[[ Source data open ]]

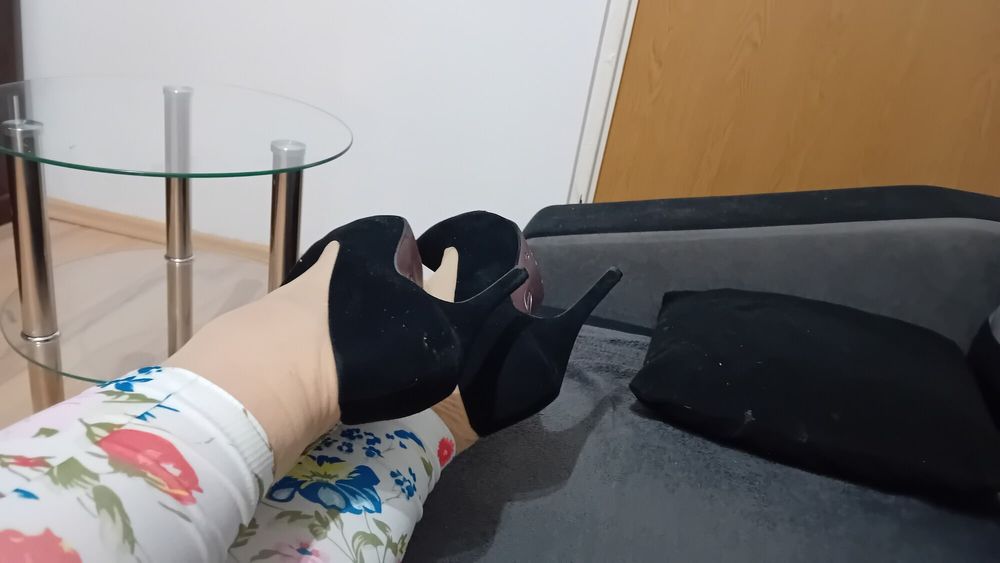 Crossdresser In Sexy Black Suede Pointed Toe Platform Heels #12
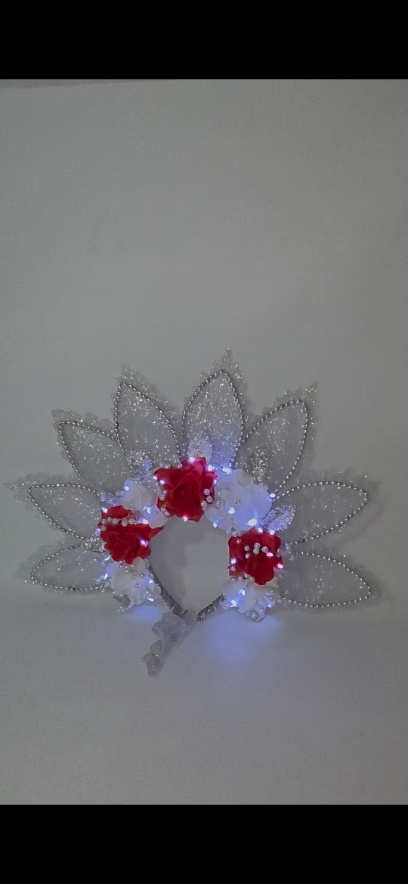 Vincha con flores decorada con perlass
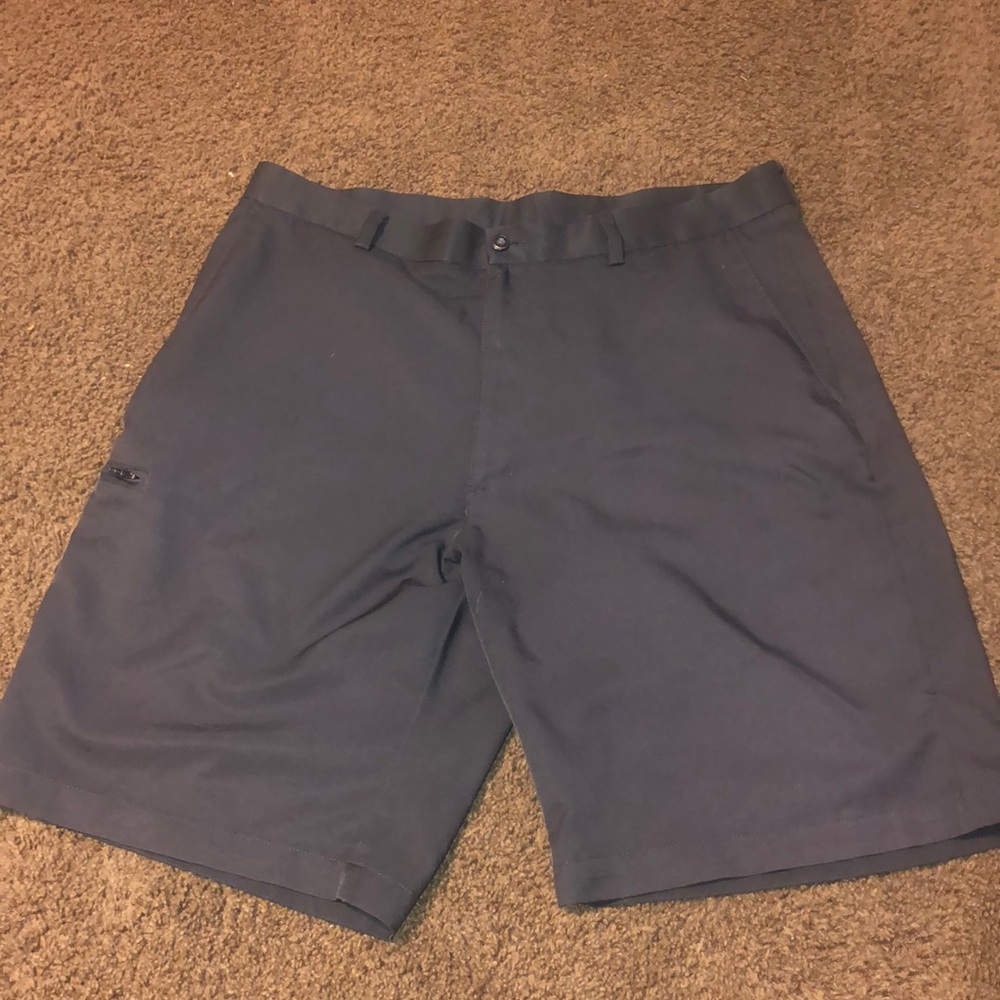 Golf shorts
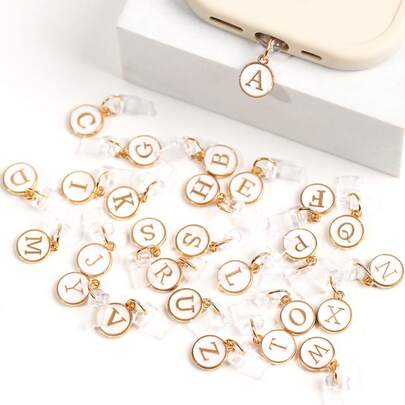 1个26字母铂金色双面同色合金金属镀层吊坠，透明硅胶手机耳机平板电脑Kindle防尘塞吊坠配件，手机充电口装饰，适合作为小礼物，防水防尘，兼容 Lightning/Type-C及其他安卓/苹果17/16/15系列手机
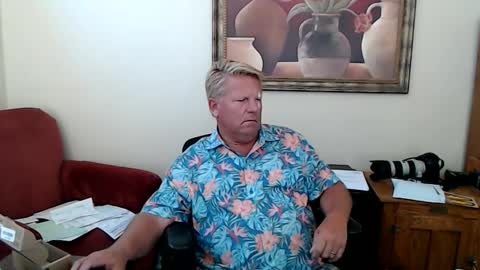 Steele and Cassie online show from April 14, 2026, 11:44 pm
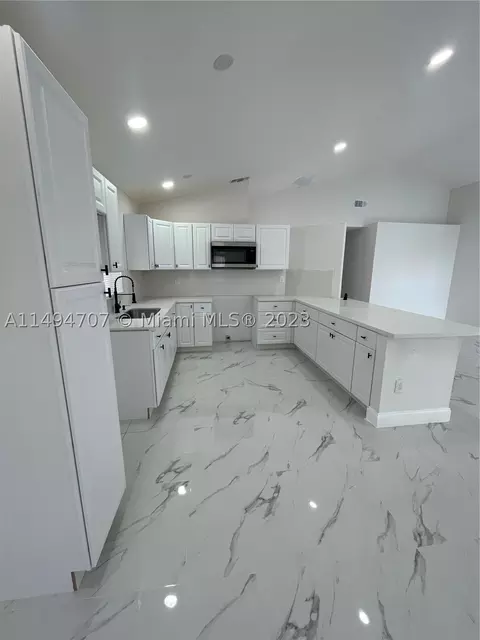 1324 E Glen Oak Rd, North Lauderdale, FL 33068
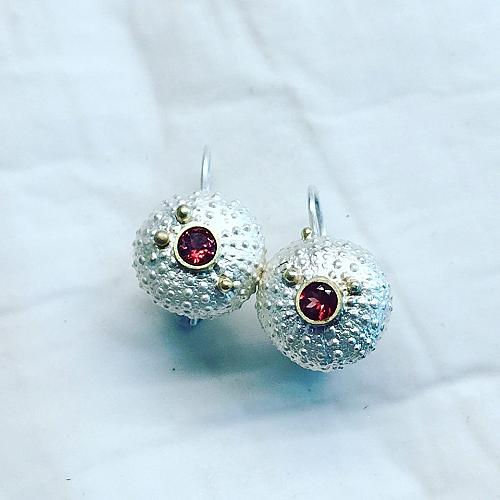 Sea urchin earrings with garnets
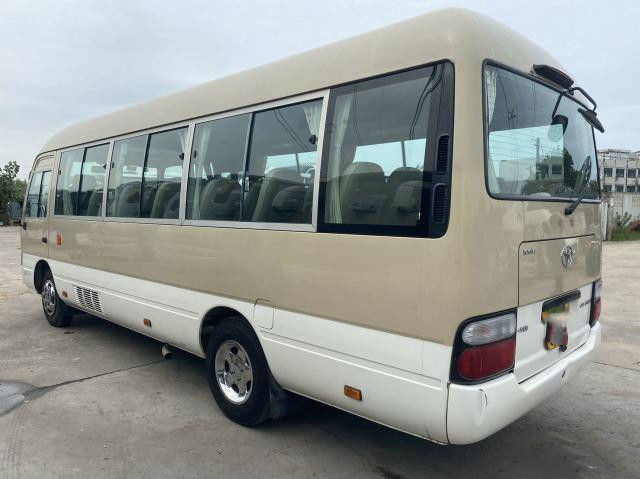 Toyota usou o ônibus da pousa-copos para a movimentação da mão esquerda dos assentos do motor 108KW 23 de África Gaosilne 2TR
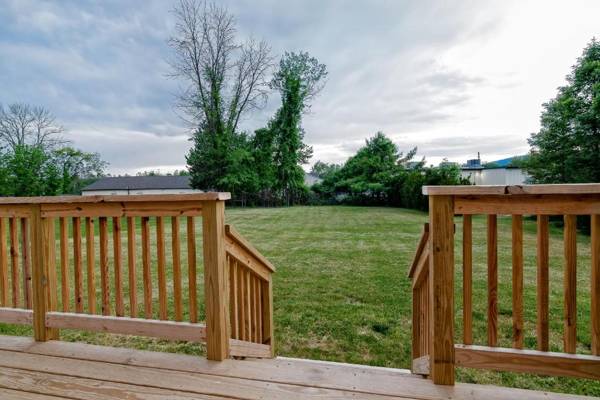 Newly renovated 3 bedroom house in the heart of Tannersville
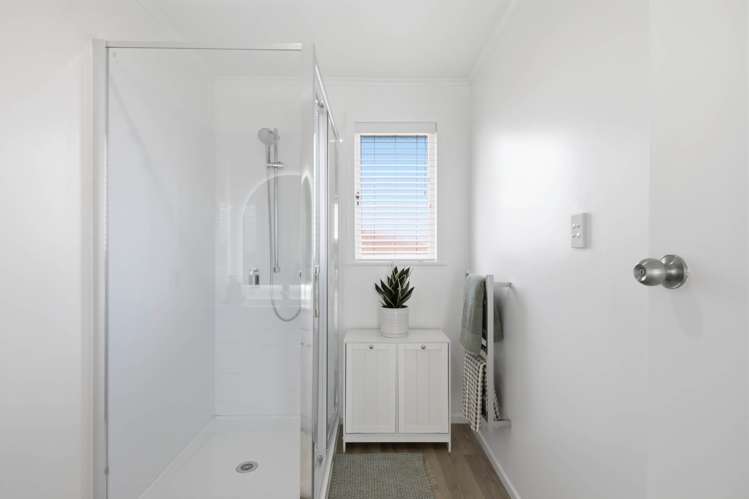 27 Hillview Avenue New Windsor_14
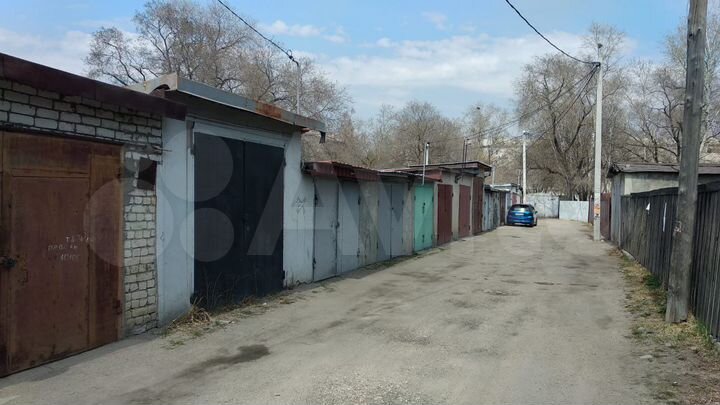 Гараж, > 30 м²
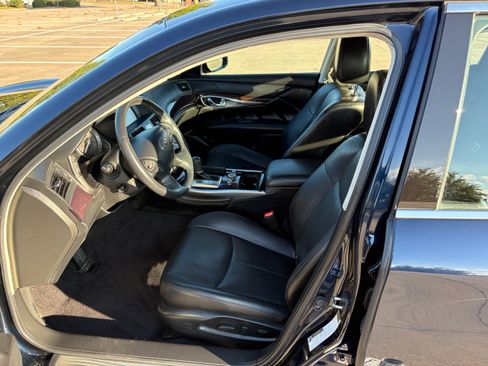 Used 2019 INFINITI Q70 Luxe w/ Proactive Package image 11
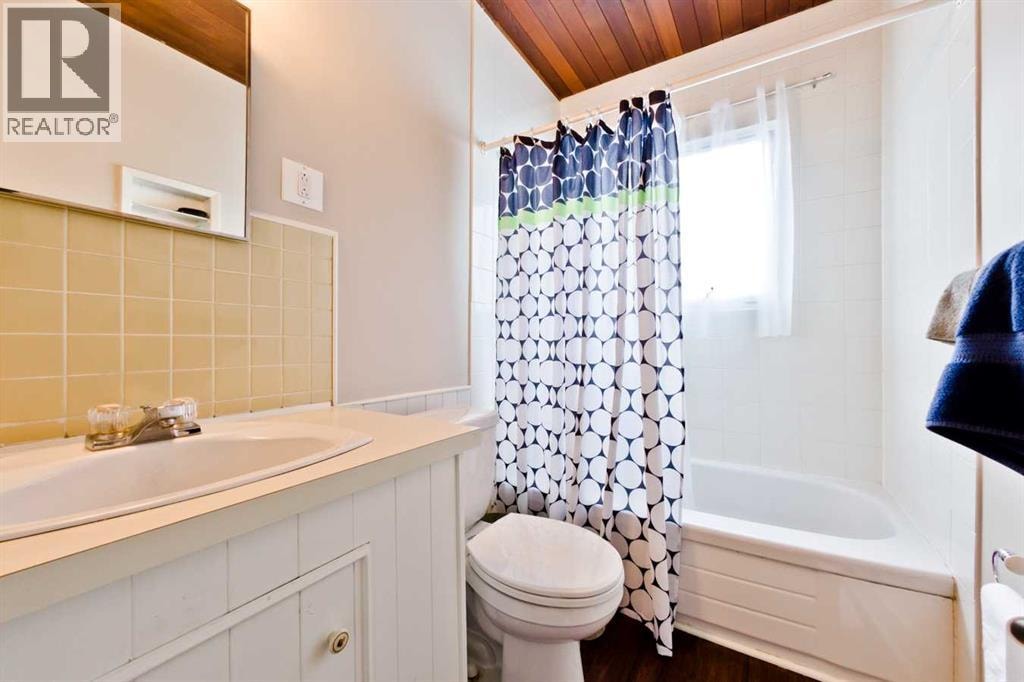 617 17 Avenue NE — photo 13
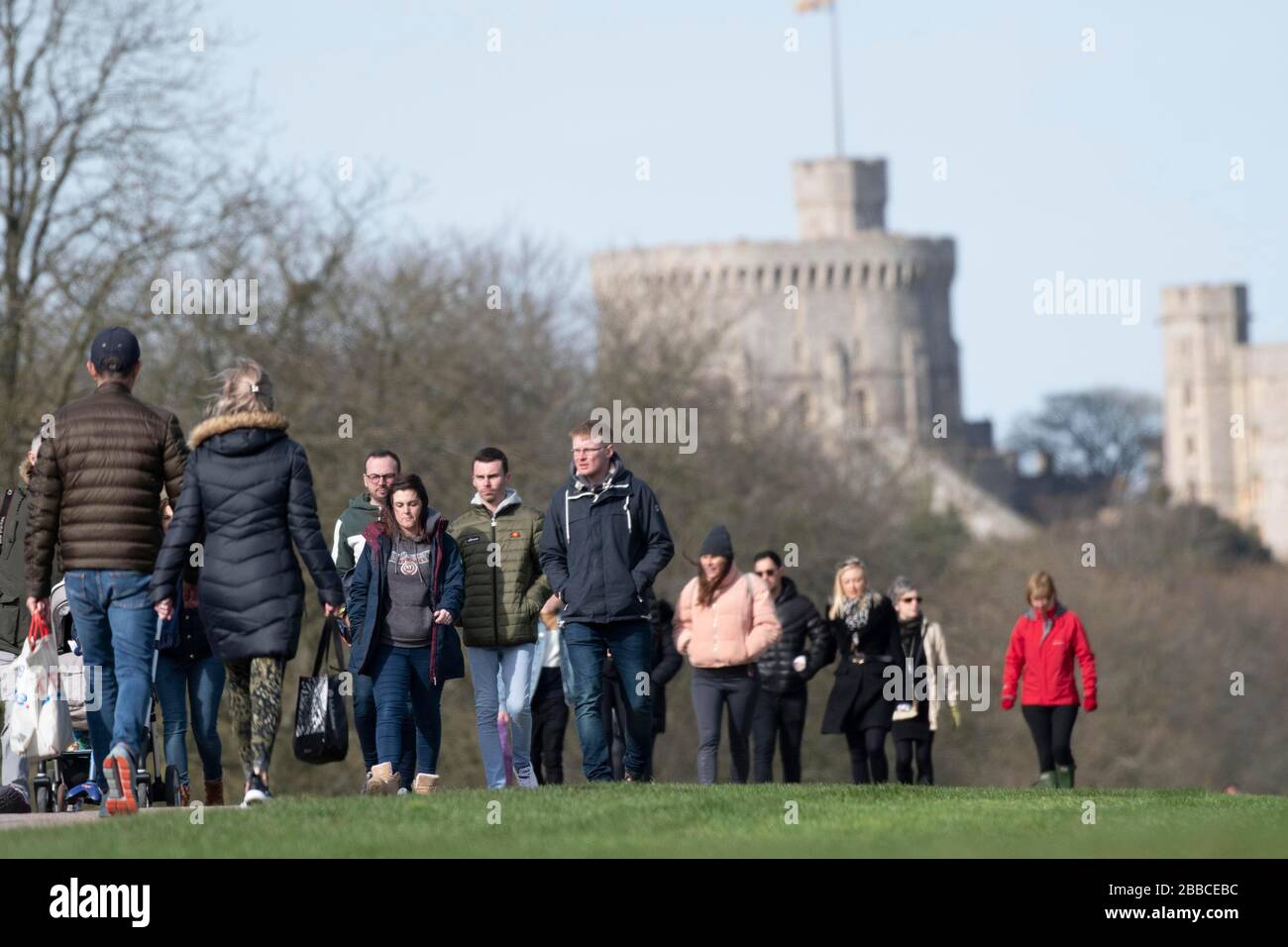 Persone che camminano sulla lunga passeggiata nel Windsor Great Park, Regno Unito. L'epidemia di covid19 e le misure di allontanamento sociale sono state recentemente annunciate il 21.03.2020 Foto Stock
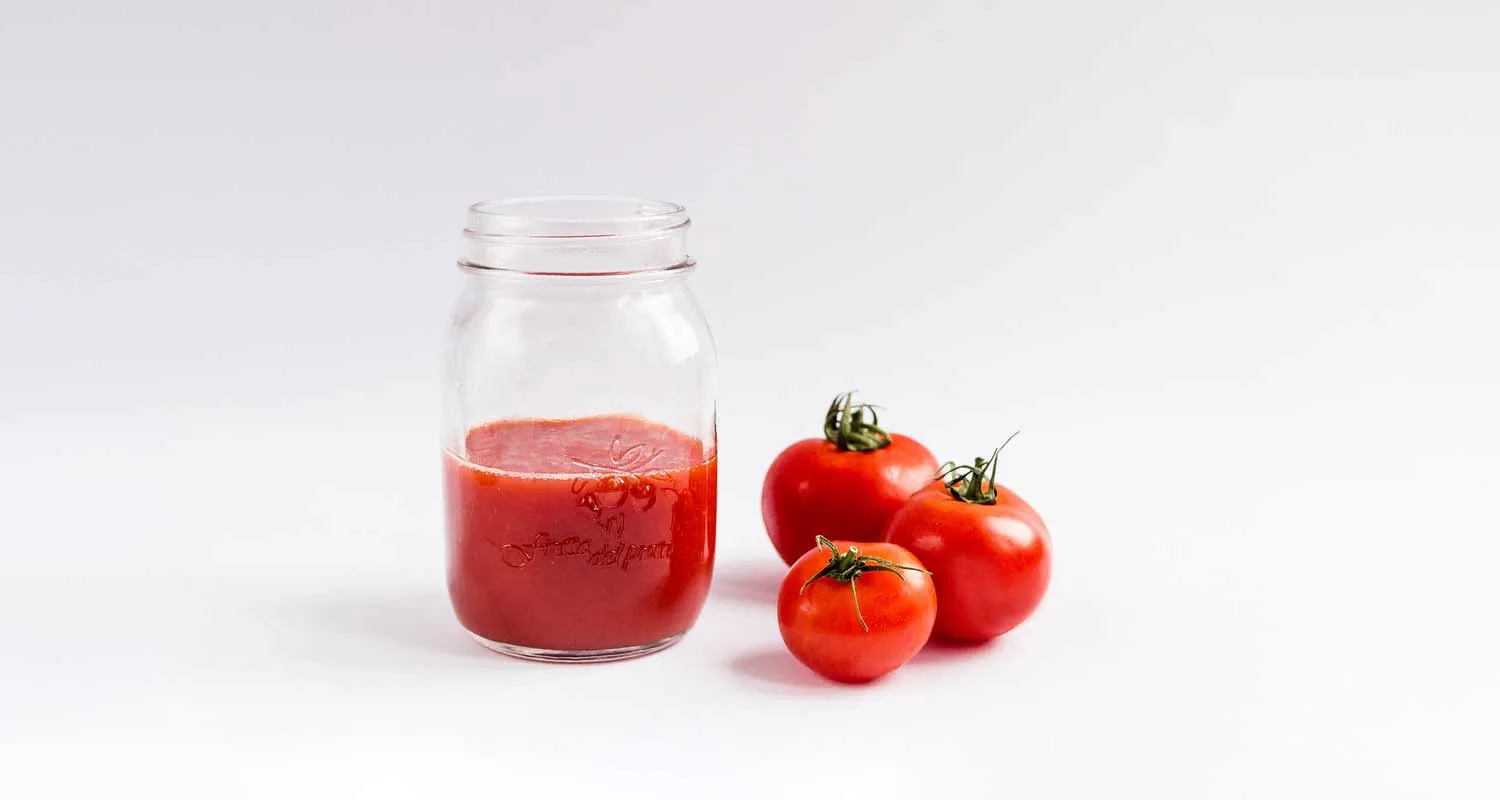 Il pomodoro utile trattamento per una pelle luminosa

[[ Source data closed ]]

▶ _Task description_
Exact copies of the lines from the one containing "Гараж, > 30 м²" through the end of the records above are required, with no pictures among them.

▶ _Solved problem_
 Гараж, > 30 м²
 Used 2019 INFINITI Q70 Luxe w/ Proactive Package image 11
 617 17 Avenue NE — photo 13
 Persone che camminano sulla lunga passeggiata nel Windsor Great Park, Regno Unito. L'epidemia di covid19 e le misure di allontanamento sociale sono state recentemente annunciate il 21.03.2020 Foto Stock
 Il pomodoro utile trattamento per una pelle luminosa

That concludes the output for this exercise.